Amazing Three Onion Soup

I'm a huge fan of soup. I really only started making my own in the past two years. I learned a ton from the Salud Cooking School and by trial and error. I learned quickly it's all about the base stock. You can't start from watery broth and expect it to turn heads. Most soups I make don't take very long, they are fast and warm and often creamy like Pumpkin soup and Corn Chowder. This one is clear beef broth based and takes a little while to make, but it's ohhhh so worth it. You can even take it over the top and serve it like french onion soup with a little piece of toasted bread and a sprinkle of cheese. This recipe makes a ton of soup, but then you can easily freeze the extras for another day without any of the work!

Three Onion Soup
(makes 10 c of soup, can be easily halved)

2 tbsp butter
5 large Vidalia onions
2 red onions
1 bunch green onions
1 tbsp minced garlic
1 c brandy
1 c sherry
8 c beef stock
2 tsp minced thyme
2 bay leaves
salt and pepper
french bread, thinly sliced
white cheese slices: monterey jack, provolone, muenster, or swiss (don't use cheddar)
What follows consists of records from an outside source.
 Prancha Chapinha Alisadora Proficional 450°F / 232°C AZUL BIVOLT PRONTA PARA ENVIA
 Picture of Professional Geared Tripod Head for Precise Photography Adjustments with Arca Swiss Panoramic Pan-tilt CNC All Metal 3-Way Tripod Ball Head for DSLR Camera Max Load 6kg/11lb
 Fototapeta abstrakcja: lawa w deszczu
Slice onions into thin strips and chop green onions. Melt butter over med heat in large dutch oven, add onions. Cook onions until browned and sticky. You will have to stir your pot from time to time to keep the onions from burning and rotate them around in the pot as they cook. This will take a good 20-30 minutes. You don't want to rush this step because browning the onions is what brings out their flavor and makes for the best soup. Once they are browned, add the garlic and cook for a few more minutes.
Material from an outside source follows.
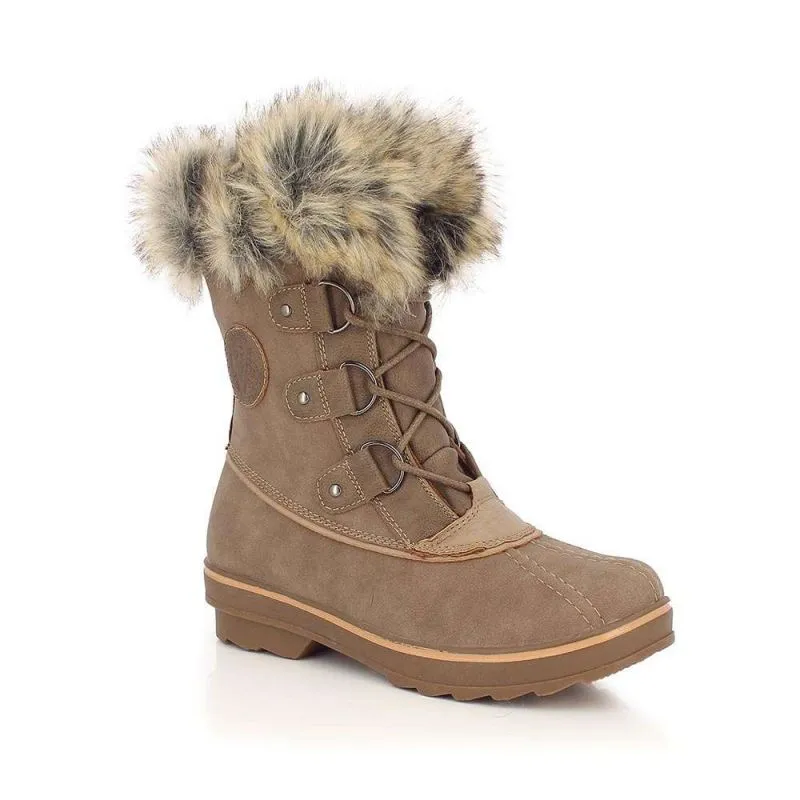 Botas de invierno para mujer Kimberfeel Camille (Taupe)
Add brandy and sherry (you may be tempted to skip these, but they add so much flavor and all the alcohol will be cooked out). Add beef stock and seasonings. Bring the whole mess to a boil and then reduce heat to simmer. Take a little taste, it may need more salt and pepper depending on your stock and I usually add a tablespoon of sugar at this time for a little sweetness.

Toast your bread slices very crispy to create a crostini. Pour the steaming hot soup into a bowl and float a crostini on top. Add a slice of cheese. If you want it more melted, pop it in the microwave for a few seconds (real restaurants will put the bowl of soup under a broiler to brown it, but I don't have any super cool oven proof serving bowls.)